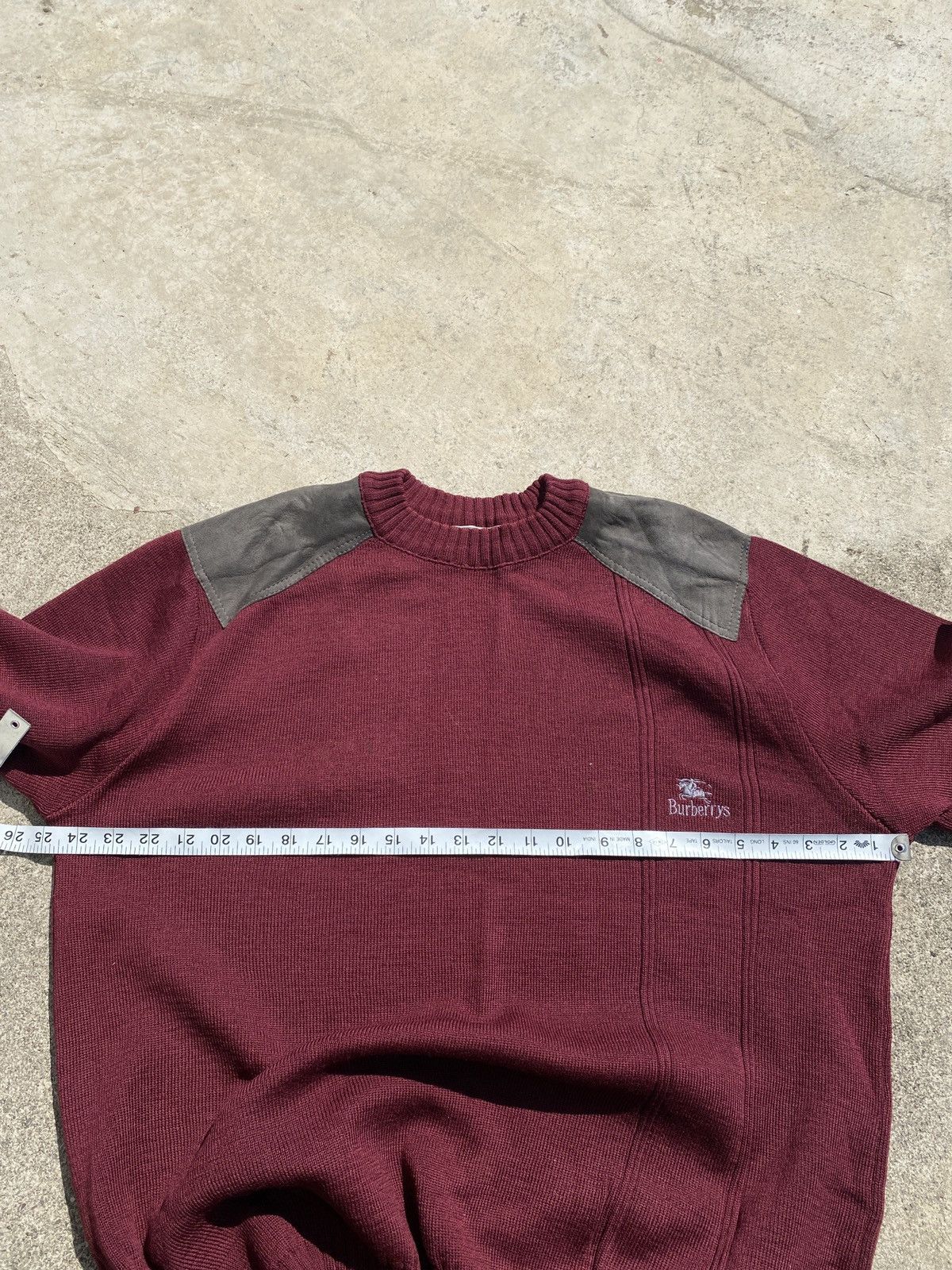 Burberry Burberry patch Swater Size US XL / EU 56 / 4 - 6 Thumbnail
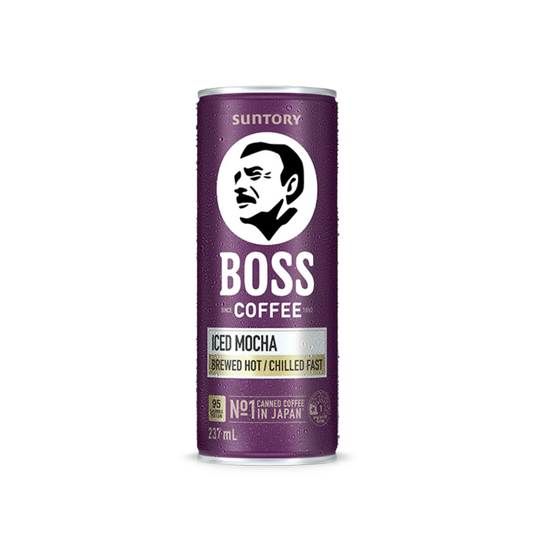 BOSS Coffee Iced Mocha 237ml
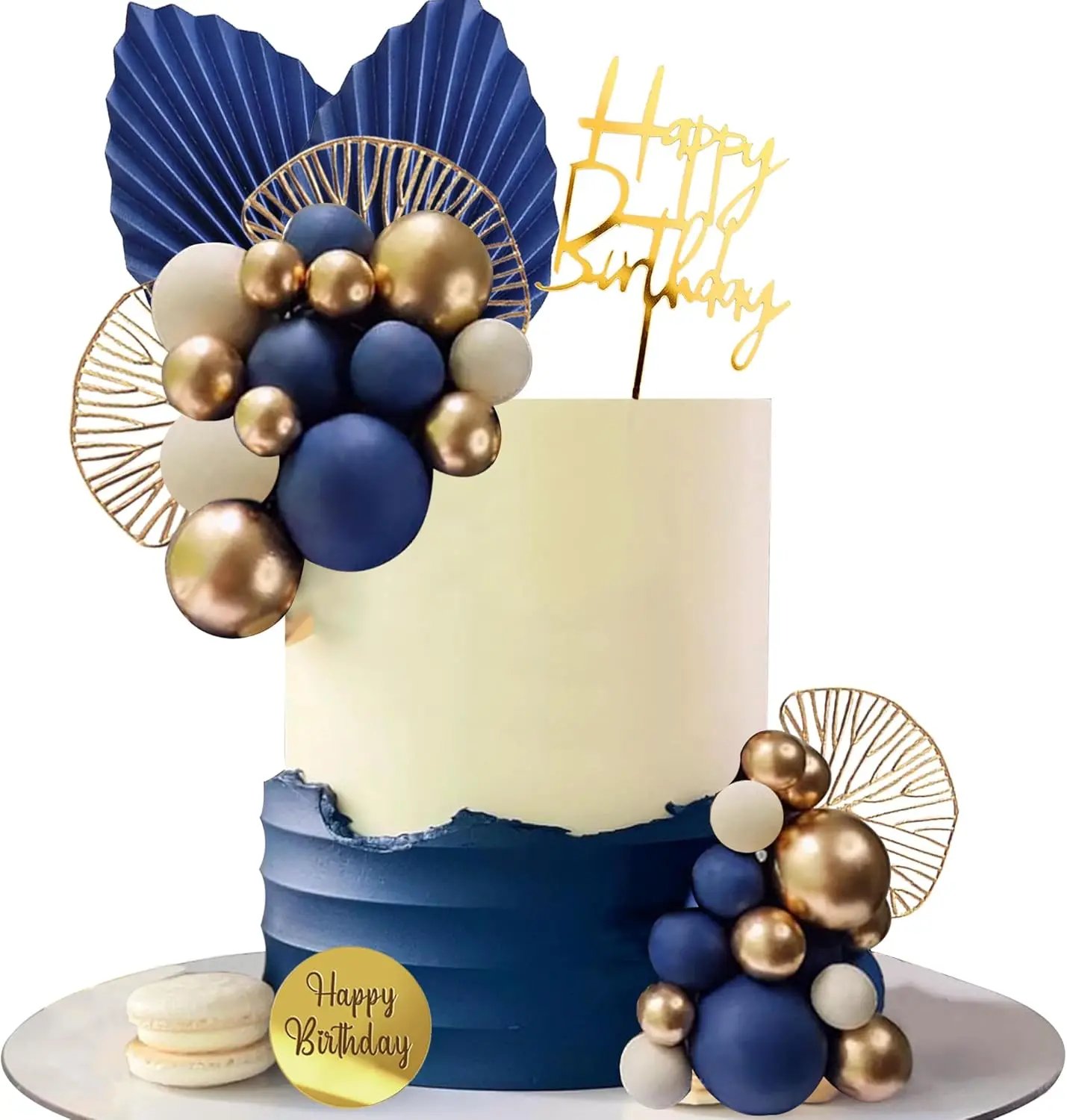 30pcs blue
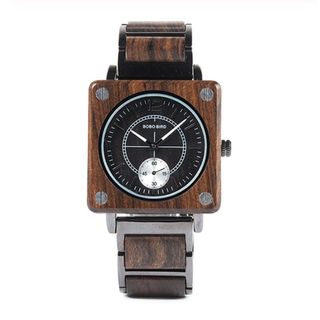 Mens Luxury Wooden Watch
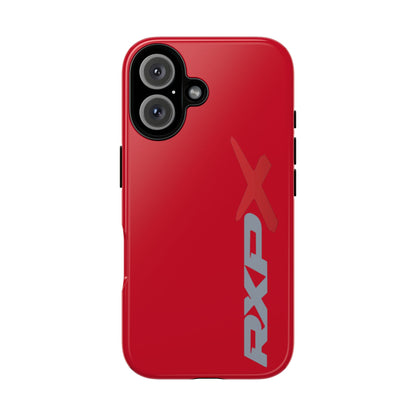 RXPX Tough Phone Case Protective Cover - iPhone Samsung Google Pixel - Red
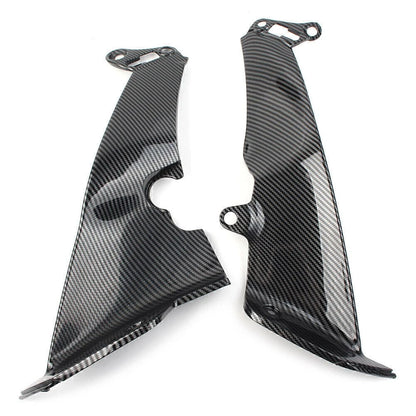 Set of 2 Upper Vertical Side Fairing Panels for Yamaha YZF R1 (2009–2014)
=====
- _AIM OF THE TASK_
Word for word, set down the lines from the line with "RXPX Tough Phone" through the last line of the entries, and nothing else; the pictures stay out.

- _OUTPUT FOR THIS TASK_
 RXPX Tough Phone Case Protective Cover - iPhone Samsung Google Pixel - Red
 Set of 2 Upper Vertical Side Fairing Panels for Yamaha YZF R1 (2009–2014)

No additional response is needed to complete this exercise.